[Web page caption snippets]
==*==

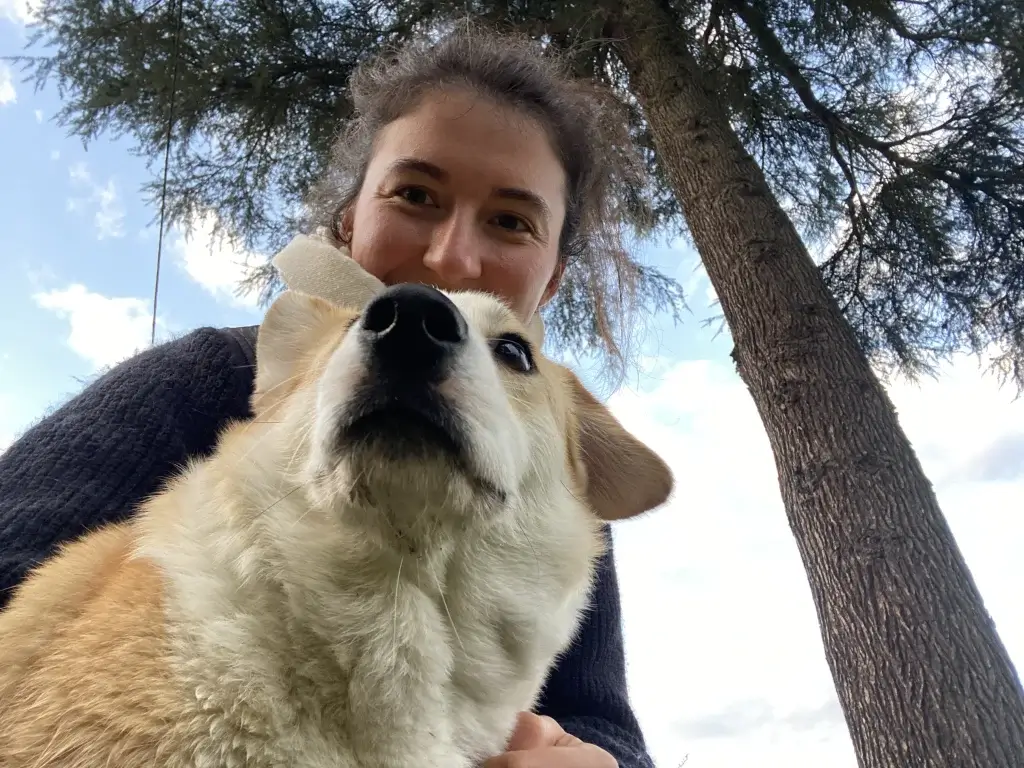 Claire Fresneau-Fontalirant, ostéopathe animalière à Saumur, avec sa chienne Corgi Netpune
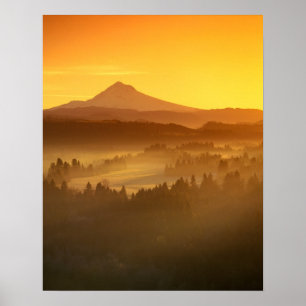 Póster Sunrise orange colors the fog in the valley in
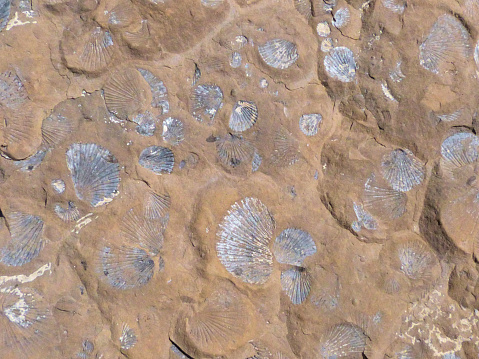 A full frame brown beige abstract background of gray and white color clam mollusk fossil seashells embedded in rock layers.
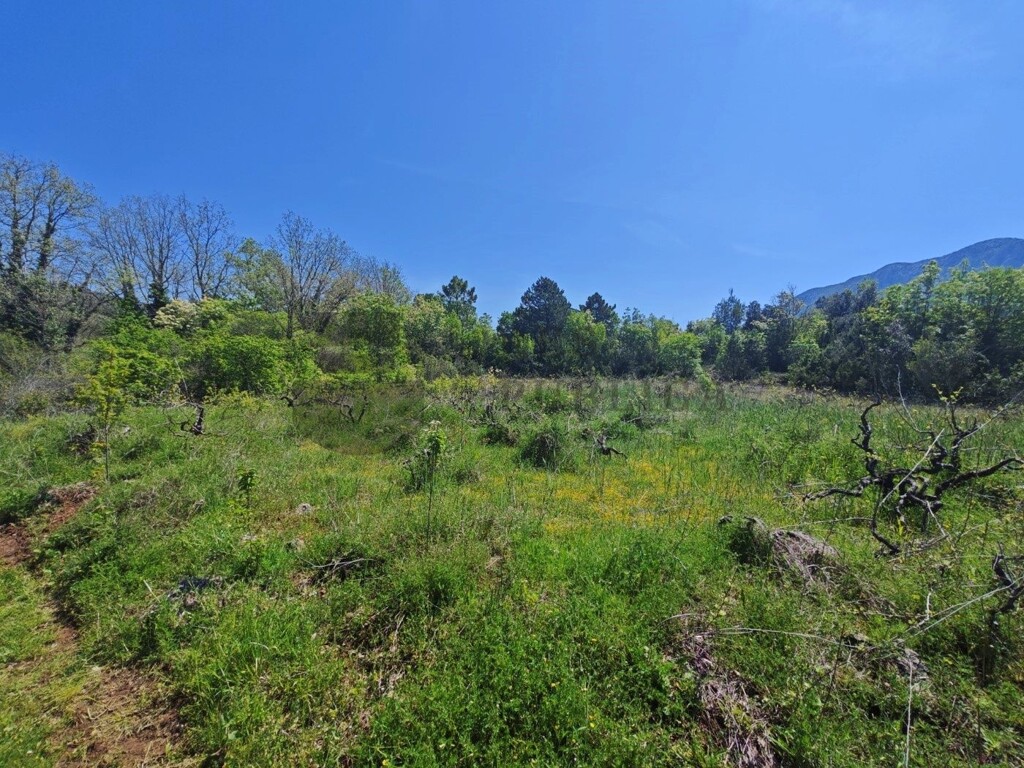 Image 6326161 - 1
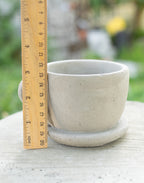 Brynn Teacup Plant Holder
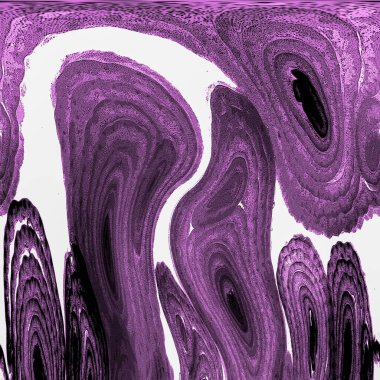 Mürekkep, soyut sanat, soyut çizgiler. Doku arka planı. düzensiz desen. Moda tasarımı. Ritmik gürültü parçacıkları. paketleme deseni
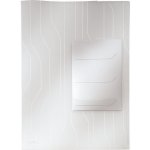 LEITZ Závěsné desky čirá A4 200 – Hledejceny.cz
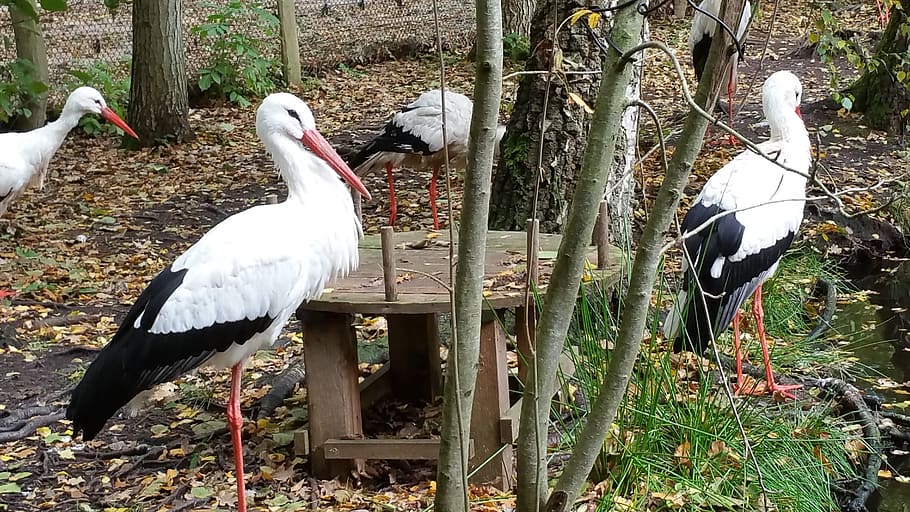 storks, animals, nature, bird, group of animals, vertebrate HD wallpaper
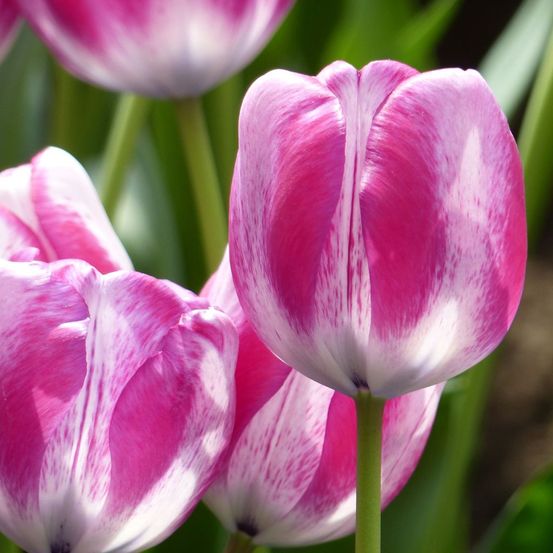 Tulipe triomphe 'hotpants' bulbe calibre 11+ (par 10)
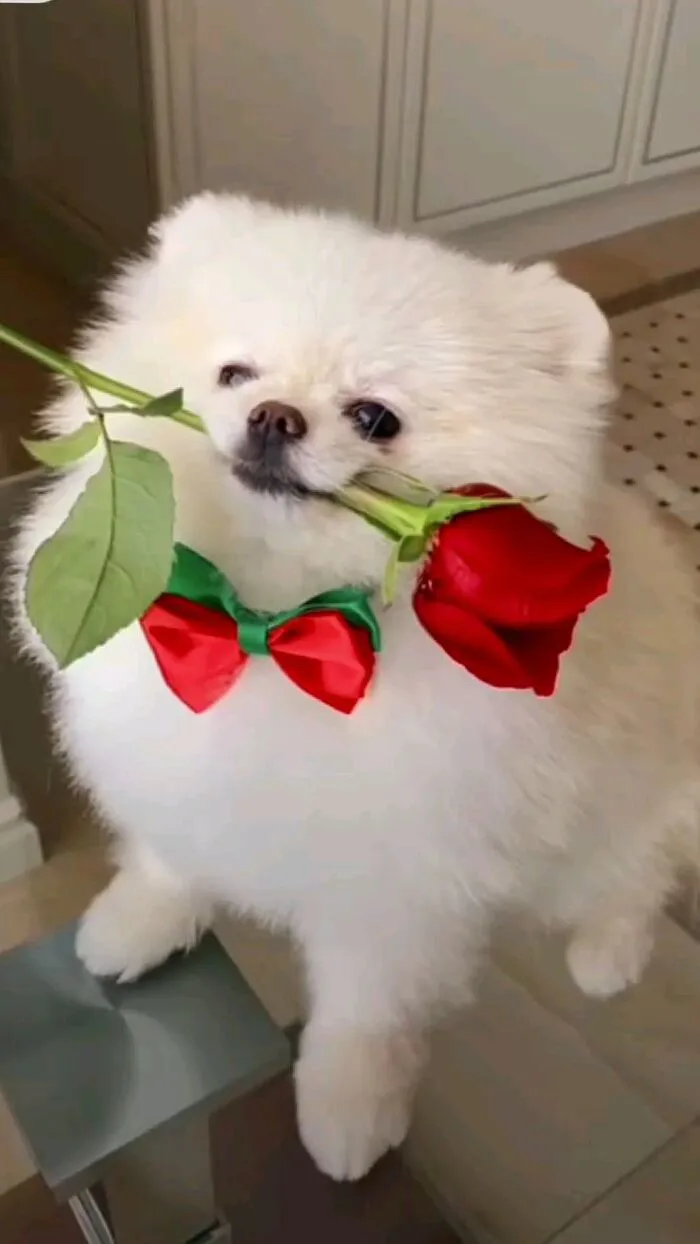 meme tặng hoa dễ thương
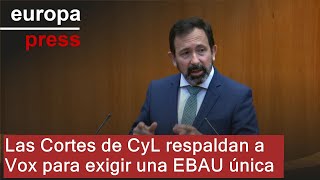 Las Cortes de CyL respaldan a Vox para exigir una EBAU única, con la abstención de PSOE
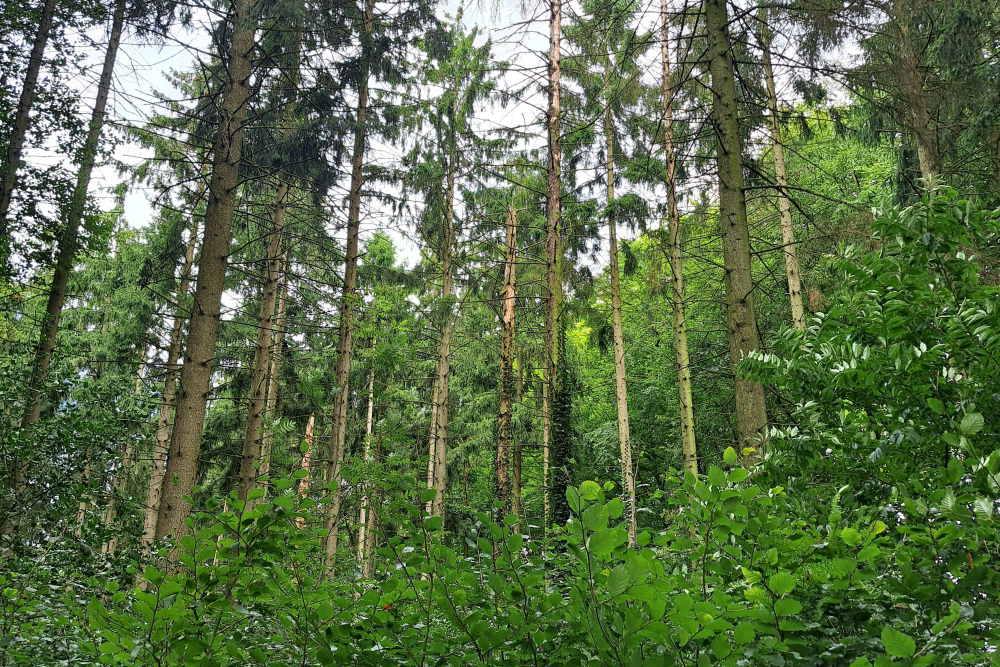 aangetast bos - Alexander van der Elst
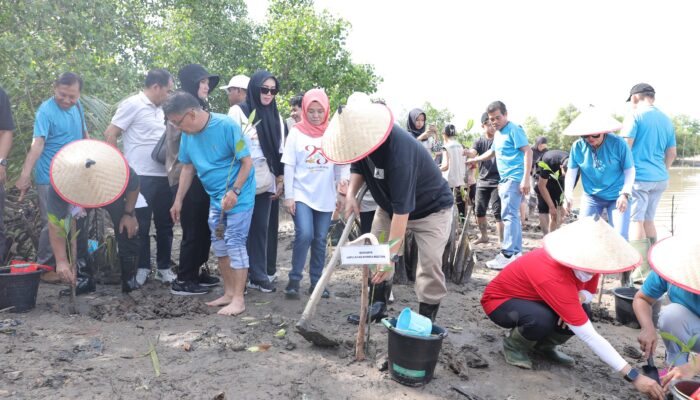 Gubernur Hidayat Arsani Pimpin Aksi Sosial dan Penanaman Mangrove di Pesisir Pantai Ketapang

==*==

▶ [Action item]: The records above are to be retyped exactly, with every picture left out.

▶ [Solved exercise]:
 Claire Fresneau-Fontalirant, ostéopathe animalière à Saumur, avec sa chienne Corgi Netpune
 Póster Sunrise orange colors the fog in the valley in
 A full frame brown beige abstract background of gray and white color clam mollusk fossil seashells embedded in rock layers.
 Image 6326161 - 1
 Brynn Teacup Plant Holder
 Mürekkep, soyut sanat, soyut çizgiler. Doku arka planı. düzensiz desen. Moda tasarımı. Ritmik gürültü parçacıkları. paketleme deseni
 LEITZ Závěsné desky čirá A4 200 – Hledejceny.cz
 storks, animals, nature, bird, group of animals, vertebrate HD wallpaper
 Tulipe triomphe 'hotpants' bulbe calibre 11+ (par 10)
 meme tặng hoa dễ thương
 Las Cortes de CyL respaldan a Vox para exigir una EBAU única, con la abstención de PSOE
 aangetast bos - Alexander van der Elst
 Gubernur Hidayat Arsani Pimpin Aksi Sosial dan Penanaman Mangrove di Pesisir Pantai Ketapang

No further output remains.